------ Entries supplied ------
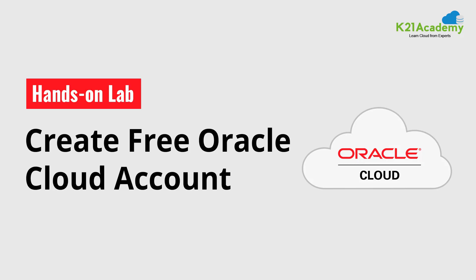Hey there, this is Atul from Team K21 Academy and in this video we're going to talk about how to register for a free Oracle Cloud trial account so that you can practice these labs without spending any money on this.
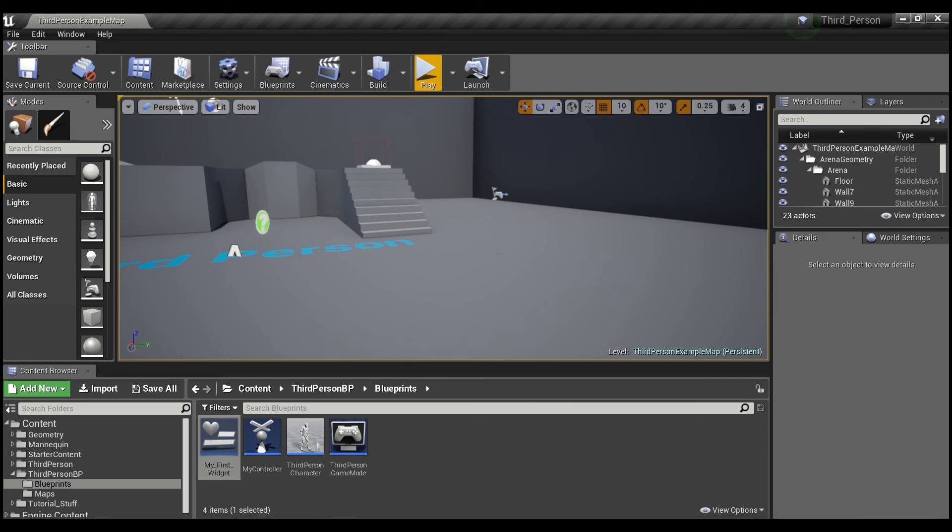In the next one, we'll be improving our gameplay, adding some objects that can take away health and some objects that can give you health instead of just using the F key. All right, guys. See you later.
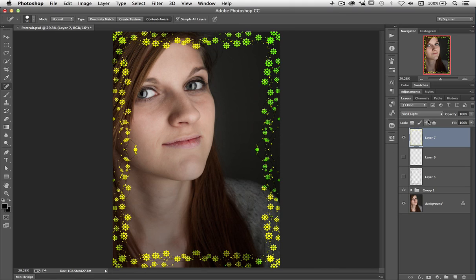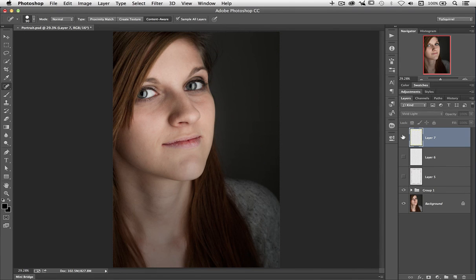My name's Eric Renneau. Thank you very much for watching. I'll see you next time. Bye bye for now.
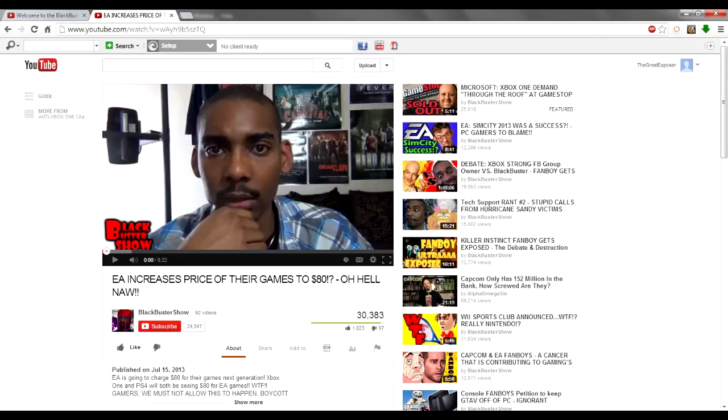This is an individual who has been so against these companies and their business practices, yet now has become employed by one of the ones he was the most critical of. Does that make any sense to you? It shouldn't if you have a functioning cerebral cortex.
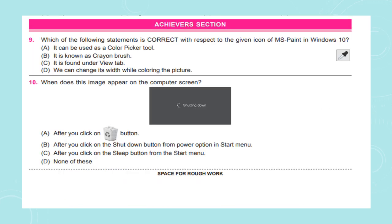The next section is the Achievers section. Question number 9: Which of the following statements is correct with respect to the given icon of MS Paint in Windows 10? Option A: It can be used as a color picker tool. Option B: It is known as a crayon brush. Option C: It is found under the View tab. Option D: We can change its width while coloring the picture. A picture of the color picker tool is shown. Question number 10: When does this image appear on the computer screen? Option A: After you click on the recycle button. Option B: After you click on the shut down button from the power option in the Start menu. Option C: After you click on the sleep button from the Start menu.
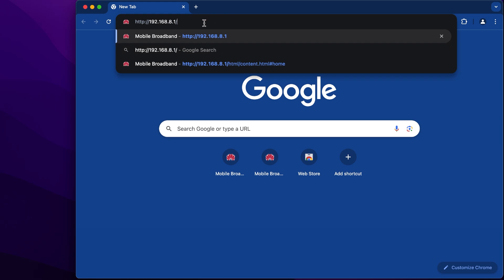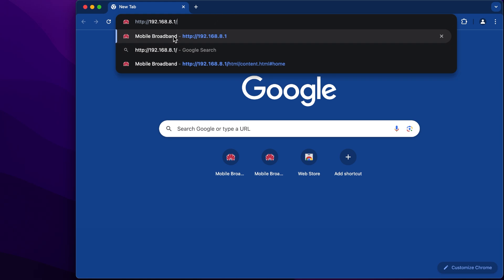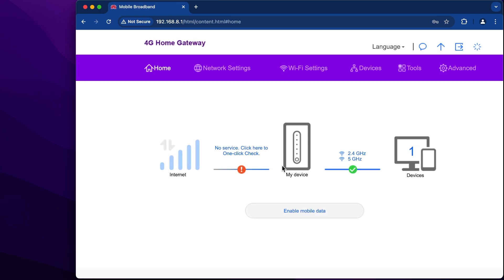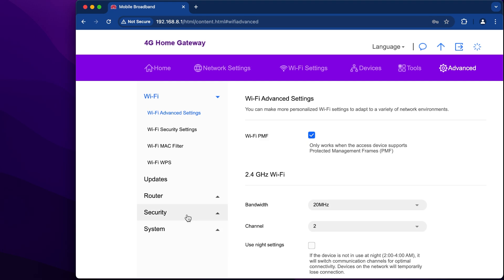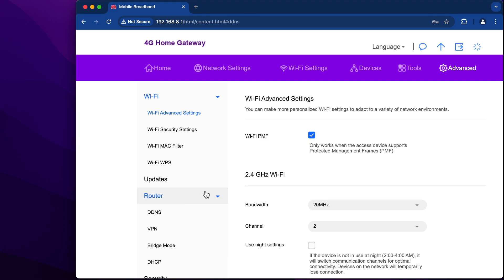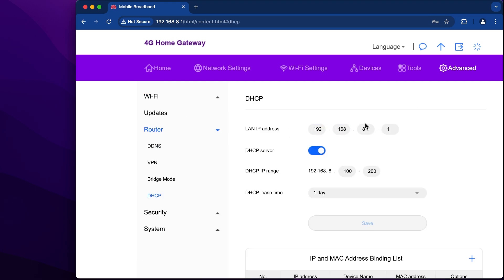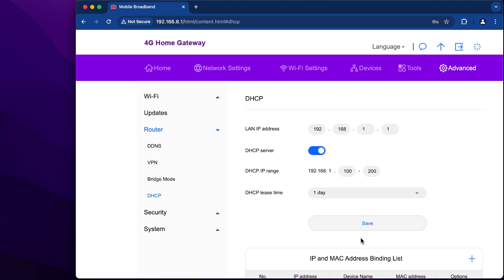Open your router settings page, type your password and go to the Advanced tab. Now go to Router and DHCP and you can change your router IP address there, then click Save. Confirm.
------
▸ **About this exercise**: What is needed is an exact copy of each line from the top of the data above through the line containing "This is an individual", with no pictures.

▸ **Response**:
Hey there, this is Atul from Team K21 Academy and in this video we're going to talk about how to register for a free Oracle Cloud trial account so that you can practice these labs without spending any money on this.
In the next one, we'll be improving our gameplay, adding some objects that can take away health and some objects that can give you health instead of just using the F key. All right, guys. See you later.
My name's Eric Renneau. Thank you very much for watching. I'll see you next time. Bye bye for now.
This is an individual who has been so against these companies and their business practices, yet now has become employed by one of the ones he was the most critical of. Does that make any sense to you? It shouldn't if you have a functioning cerebral cortex.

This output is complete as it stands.